United States v. Salter

20 M.J. 116, 1985 CMA LEXIS 17811
CourtUnited States Court of Military Appeals
DecidedMay 28, 1985
DocketNo. 48,370; SPCM 19174
StatusPublished
Cited by26 cases

This text of 20 M.J. 116 (United States v. Salter) is published on Counsel Stack Legal Research, covering United States Court of Military Appeals primary law. Counsel Stack provides free access to over 12 million legal documents including statutes, case law, regulations, and constitutions.

Bluebook
United States v. Salter, 20 M.J. 116, 1985 CMA LEXIS 17811 (cma 1985).

Opinion

Opinion of the Court

COX, Judge:

Contrary to his pleas, the accused was convicted by a special court-martial, military judge alone, of absence without leave from September 1, 1979, to February 3, 1983, in violation of Article 86, Uniform Code of Military Justice, 10 U.S.C. § 886. The approved sentence extends to a bad-conduct discharge, confinement at hard labor for 2 months, and forfeiture of $382.00 pay per month for 2 months. The Court of Military Review affirmed in a short-form opinion.

We specified the following issue:

WAS THE CHARGE AND SPECIFICATION ALLEGING AN UNAUTHORIZED ABSENCE BARRED BY THE STATUTE OF LIMITATIONS NOTWITHSTANDING APPELLANT’S PLEA OF NOT GUILTY TO THE OFFENSE? UNITED STATES V. ARSNEAULT, 6 M.J. 182 (C.M.A. 1979); UNITED STATES V. RODGERS, 8 U.S. C.M.A. 226, 24 C.M.R. 36 (1957).

We reverse.

The charge sheet (DD FORM 458) which was referred to trial states that the [117]*117sworn charges were received by the officer exercising summary court-martial jurisdiction at 1400 hours on March 1, 1983. Because the offense of absence without leave is not a continuing offense and is complete when the accused initially departed from his unit of assignment, United States v.

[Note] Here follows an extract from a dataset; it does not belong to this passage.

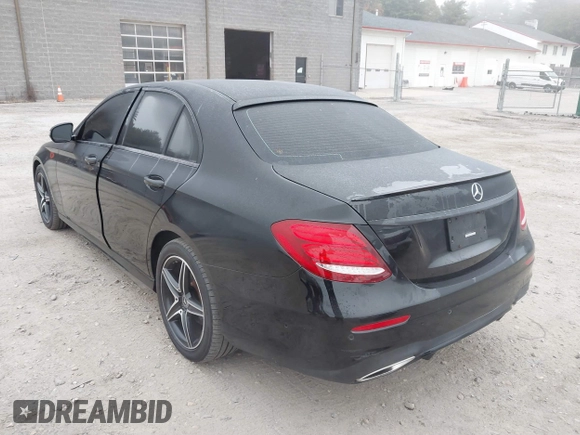 2018 Mercedes-Benz E with VIN WDDZF4KB7JA343160, listed as a IAAI auction lot 40470996 with 56,274 mi miles. Bid and sale history available at carsss.com. Image 14.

Francis, 15 M.J. 424 (C.M.A.1983); see United States v. Jackson, 20 M.J. 83 (C.M.A. 1985); United States v. Rodgers, 8 U.S.C. M.A. 226, 24 C.M.R. 36 (1957), more than 2 years had elapsed between the date that the offense was committed (September 1, 1979) and the date that the sworn charges were received (March 1,1983). Consequently, the accused was entitled to plead the military statute of limitations in bar of trial. See Article 43(c), UCMJ, 10 U.S.C. § 843(c); para. 215d, Manual for Courts-Martial, United States, 1969 (Revised edition).

Almost 28 years ago, we held that it was “well established in military jurisprudence that whenever it appears that the statute of limitations has run against an offense,” that fact will be brought to the attention of the accused by the court. United States v. Rodgers, supra at 228, 24 C.M.R. at 38. We further held that we would not impose upon an accused a waiver of the right to plead the statute of limitations in bar of trial when the record does not disclose that he was aware of that right. This principle of open-court advisement was recognized in paragraph 68c of the Manual for Courts-Martial, United States, 1951, and in the 1969 Manual for Courts-Martial, supra', see R.C.M. 907(b)(2)(B), Manual for Courts-Martial, United States, 1984. It was reaffirmed by this Court in United States v. Arsneault, 6 M.J. 182 (C.M.A.1979), and even more recently in United States v. Jackson, supra. It is too well-established in military law to require further elaboration here.

We note that among the allied papers there is a charge sheet dated May 8, 1981, that was received by the officer exercising summary court-martial jurisdiction on May 14, 1981, a time within the parameters of Article 43 (c). This charge sheet contains one specification of absence without leave and one specification of desertion for the same time period of the absence alleged here by the accused. However, as was pointed out in United States v. Rodgers, supra at 231, 24 C.M.R. at 41 (Quinn, C.J., concurring), “the charge sheet referred for trial is the only charge sheet upon which the trial can proceed.”

While it is often easy, in the confines of an appellate court, to find fault with those in the trial arena, it does not appear to be unfair to point out that this matter was not raised at trial by advisement or otherwise, in the review of the staff judge advocate, by either trial counsel or the staff judge advocate in completing paragraph 17 of the Court-Martial Data Sheet (DD Form 494), at the Court of Military Review level, or before this Court. It would seem that everyone associated with this case, with one possible exception, overlooked this significant legal right.

The decision of the United States Army Court of Military Review is reversed. The findings and sentence are set aside. The Charge and specification set out in the charge sheet dated February 1983 are dismissed.